Depuis le 13 juillet, Google Bard parle français. L’agent conversationnel de Google, basé sur le modèle de langage LaMDA, est une réplique de ChatGPT à la sauce du géant du web. Google Bard prend la forme d’une messagerie textuelle dans laquelle les utilisateurs peuvent poser des questions à un robot. Comme les autres intelligences artificielles génératives, Bard est capable d’inventer du contenu, d’argumenter et de prendre en compte le contexte d’une demande. C’est ce qui en fait une IA complètement différente de Google Assistant, l’assistant vocal très factuel de Google.

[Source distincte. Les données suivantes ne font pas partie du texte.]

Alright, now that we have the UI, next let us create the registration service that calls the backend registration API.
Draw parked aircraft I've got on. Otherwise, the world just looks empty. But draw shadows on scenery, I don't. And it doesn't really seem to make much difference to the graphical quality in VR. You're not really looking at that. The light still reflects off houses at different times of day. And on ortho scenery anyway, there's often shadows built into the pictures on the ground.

Pendant plusieurs heures, Numerama s’est amusé à poser plein de questions à Bard (nous l’avions déjà testé en anglais, avec déjà quelques doutes sur son efficacité). Que vaut le chatbot ? Google Bard est-il à la hauteur de ChatGPT ? Quelques éléments de réponses.
Des réponses qui s’affichent rapidement, mais souvent à côté de la plaque
Premier enseignement, Google Bard n’a pas été codé pour être fun. En comparaison au Bing de Microsoft, si détendu qu’il lui arrivait même d’insulter ses utilisateurs et de refuser de leur répondre pour rire, Google Bard semble très plat. Pas d’emojis, pas de familiarité, pas d’humour… L’IA de Google manque presque de personnalité. Un ressenti accentué par le fait que les réponses s’affichent entièrement d’un seul coup, là où ChatGPT et Bing préfèrent une écriture progressive, qui donne l’impression que les IA réfléchissent.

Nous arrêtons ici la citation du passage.